Customer Effort Score (CES) explained
CES measures how much work a customer had to do to get their issue resolved. It is a stronger predictor of repeat contacts and churn than CSAT — and therefore a more directly operational metric for contact centre management. Reducing effort reduces callbacks, which reduces volume, which reduces headcount.
The CES question and scale
Standard CES question (CEB/Gartner formulation)
“The company made it easy for me to handle my issue.”
Strongly disagree
Neutral
Strongly agree
How to report CES
Option 1: Average score (1–7). Higher = lower effort. Target: 5.5+
Option 2: % high effort (scores 1–3). Lower is better. Target: below 15%
Consistent scale definition
Some operations use “How much effort did you have to put in?” on a 1–5 low-to-high scale (reverse direction). Define clearly and hold constant. Mixing directional conventions breaks trend analysis.
CES vs. CSAT vs. NPS — when to use each
What drives high effort in contact centres
Channel switching
The single biggest effort driver: starting on web, being redirected to chat, then transferred to voice, then asked to call back. Each transfer resets the customer's context — they must re-explain the issue. Operations with high channel-switching rates consistently produce CES scores in the 2–3 range.
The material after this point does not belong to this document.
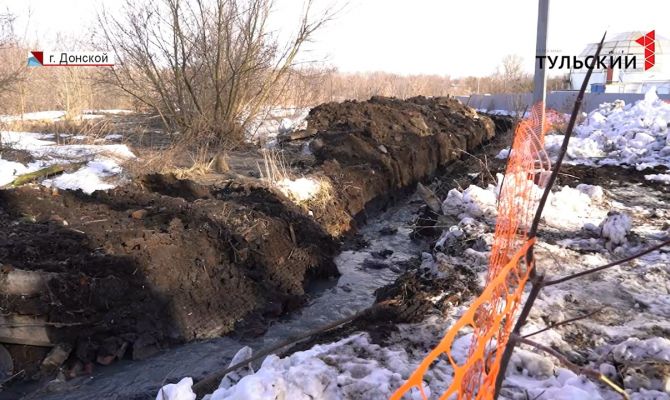В Донском появился зловонный ручей из городских нечистот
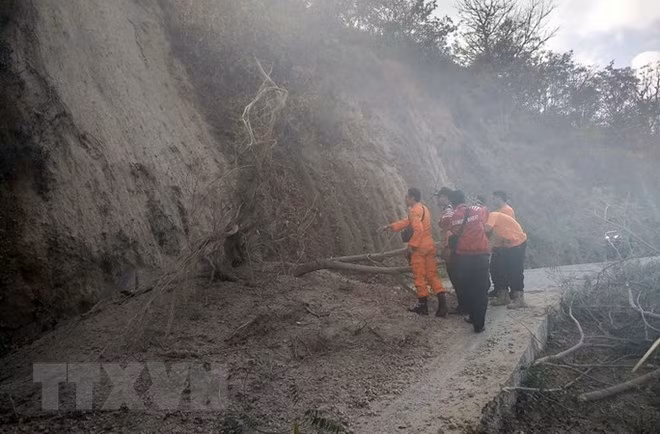 Indonesia: Isla de Lombok sufre otro temblor de magnitud 3,3 grados ảnh 1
Repeat contacts for the same issue
Customers who contact twice about the same problem report significantly higher effort than first-contact resolvers — even if the second interaction itself was smooth. FCR failure is a direct CES failure. The first call experience creates a negative effort expectation that colours the second.
IVR friction
Complex IVR menus, irrelevant options, and misrouting add effort before the agent even connects. A customer who navigates 4 IVR levels and still speaks to the wrong team has a very high effort experience even if the eventual resolution is good. Max 4–5 IVR options per level; most-common options first.
Repetition of information
Being asked to repeat account details, order numbers, or the reason for calling to multiple agents is one of the most consistently cited high-effort experiences. Screen-pops from CRM, agent handover notes, and call recording briefing before transfer directly reduce this.
Wait time (perceived vs. actual)
Customers tolerate wait time better when they know it will end: position-in-queue announcements, estimated wait times, and callback offers all reduce perceived effort even with identical actual wait times. The effort is in the uncertainty, not the time itself.
Process complexity
Having to send a document, visit a branch, wait for a letter, or perform multiple steps outside the contact itself all add effort. Process redesign that completes resolution within the contact reduces CES — regardless of how the agent performed.
How CES improvement affects contact volume and staffing
Worked example: 10,000 contacts/month, CES improvement scenario
68%
Current FCR
32% of contacts are repeat callers
3,200/month
Repeat contacts
0.32 × 10,000
−1,200/month
After FCR to 80%
1,200 fewer contacts to handle
A 12-point FCR improvement (68%→80%) eliminates ~1,200 repeat contacts per month. At 5-minute AHT, that is 6,000 agent-minutes = 100 agent-hours per month saved. At 85% occupancy and 160 productive hours per agent per month, that is approximately 0.7 FTE equivalent — or enables the same team to absorb additional new volume without additional headcount.
CES questions
What is the Customer Effort Score (CES)?
CES measures how much effort a customer had to expend to resolve their issue. Typically measured on a 1–7 scale where 7 = strongly agree that the company made it easy. Developed by CEB (now Gartner) and shown to be the strongest predictor of repeat contacts and churn in contact centre interactions.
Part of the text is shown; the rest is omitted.